People walk past the Balikligol statue at a museum in Turkey, 18 on September 2018 [Chris McGrath/Getty Images]
People walk past the Balikligol statue at a museum in Turkey, 18 on September 2018 [Chris McGrath/Getty Images]

Archaeologists unearthed several historical artefacts from the Roman, Byzantine and Ottoman eras during excavations in the Zagnos Valley of Turkey's northern Trabzon province, Anadolu News Agency reports.

The excavations in Ickale and Yukarihisar sites were launched in August, in collaboration with Turkey's Culture and Tourism Ministry, Trabzon Metropolitan Municipality, Karadeniz Technical University and the city's Chamber of Commerce and Industry.

Mehmet Yavuz, the head of the excavation team from Karadeniz Technical University, said that during the works carried out in an area spanning 5,000 square meters (53,820 square feet) the archaeologists unearthed several historical artefacts such as roofing tiles, amphoras, coins, a bronze chandelier, an Ottoman seal and an arrowhead dating back to the Roman, Byzantine and Ottoman periods.
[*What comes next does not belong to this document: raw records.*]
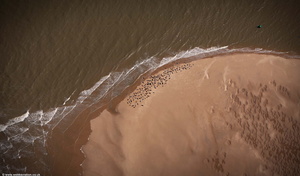 Seals basking on a sandbank in the River Dee Estruary aerial photo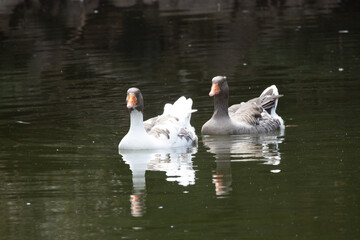 water, bird, swan, lake, animal, goose, nature, duck, pond, wildlife, white, river, birds, swimming, pelican, park, geese, animals, swim, green, wild, summer, beautiful, reflection
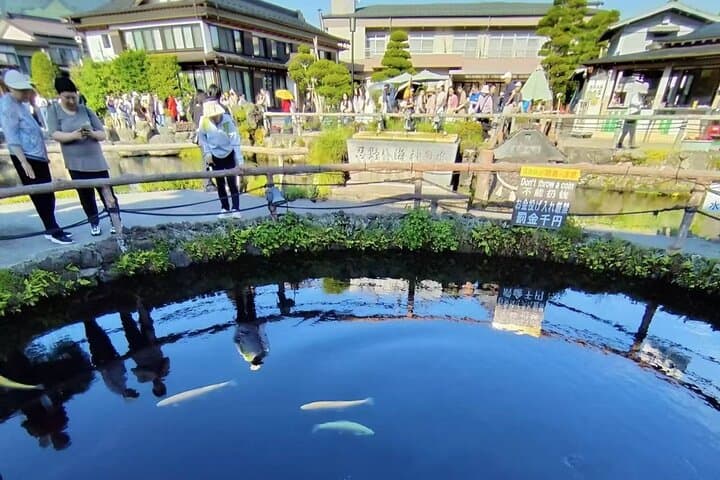 From Tokyo: Top 5 Scenic Spots of Mount Fuji Full-Day Tour — photo 16
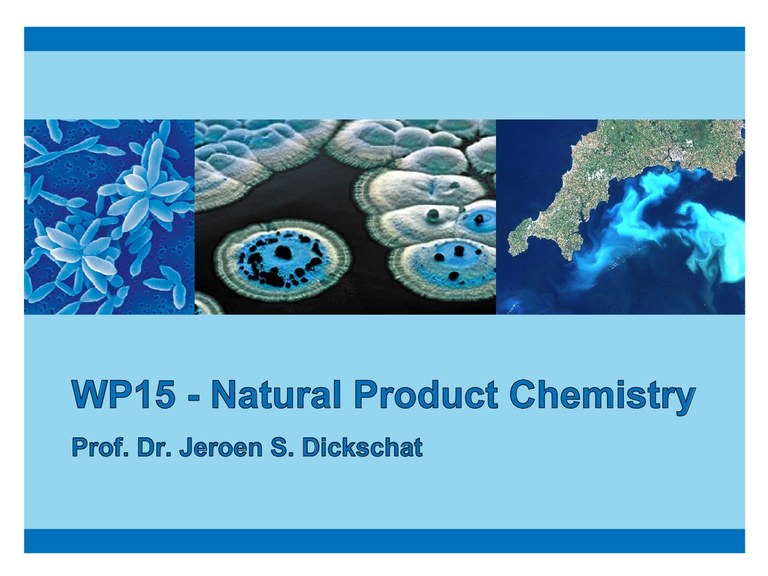 scriptum_natural-product-chemistry.pdf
Noting that the works were focused in two areas with five different excavations, Yavuz revealed that, in the first excavation in the south of Ickale Mosque, the teams went down to a depth of 1.60 meters (5.3 feet) and unearthed stones from the Roman period.

In another excavation, they found stones used on the inner city walls from the Byzantine period, he said.
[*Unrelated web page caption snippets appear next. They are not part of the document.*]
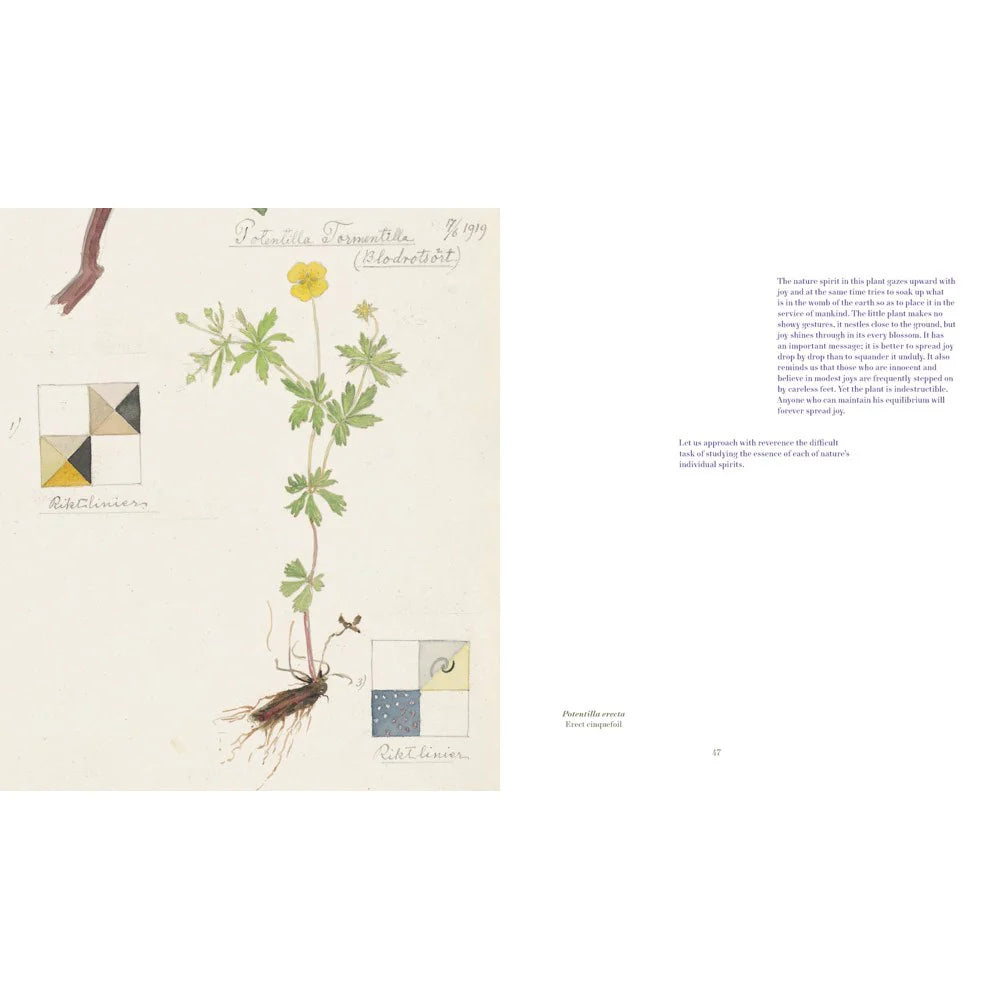 Hilma Af Klint | What Stands Behind the Flowers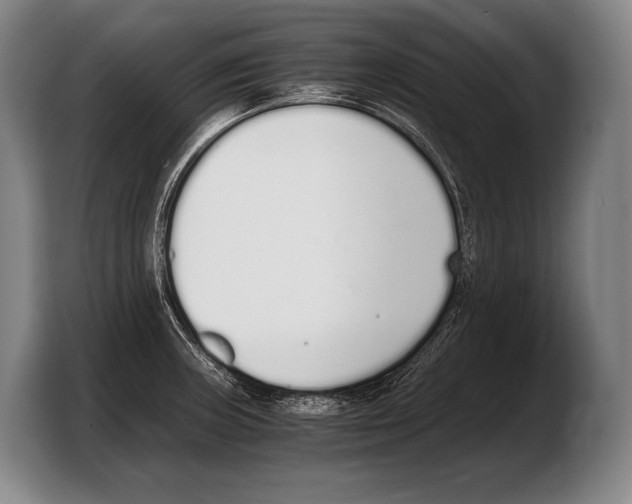 X0000103331235200810061008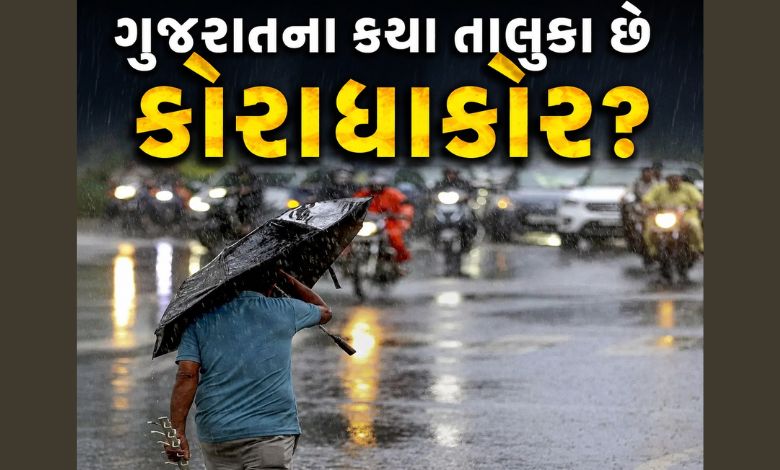 રાજ્યમાં સિઝનનો 26 ટકાથી વધુ વરસાદ છતાં કયા 4 તાલુકા છે કોરાધાકોર?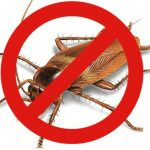how-to-get-rid-of-cockroaches-fast
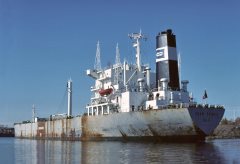 Thumbnail Image for Skaw Prince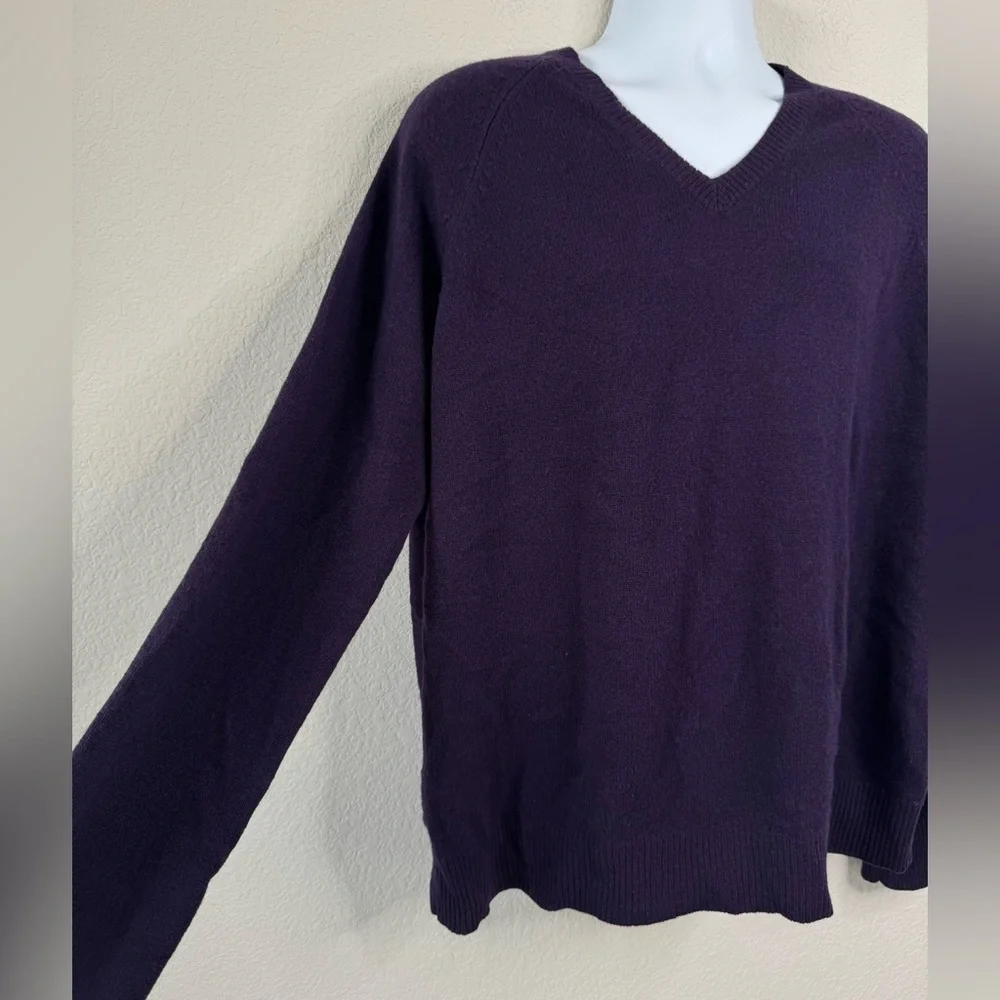 J.Crew 100%‎ Lambswool V-Neck Sweater Men’s XL Purple Minimalist Office Layer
READ: Turkey's archaeological underwater excavations unearth 255 artefacts this year alone

He went on to say that a large number of Roman-style ceramics, roof tiles, amphora fragments and corroded coins from the Byzantine era were discovered.

He said they also discovered some 80 coins and a tomb from the Ottoman era during the excavations.

Yavuz said they hope to uncover more concrete evidence to shed light on Trabzon's known past, adding that the excavation team aims to uncover cultural layers and artefacts from the pre-Roman, Hellenistic, Persian and tribal periods.

In the next 10 or 15 years, the team expects to unearth many more findings, he added.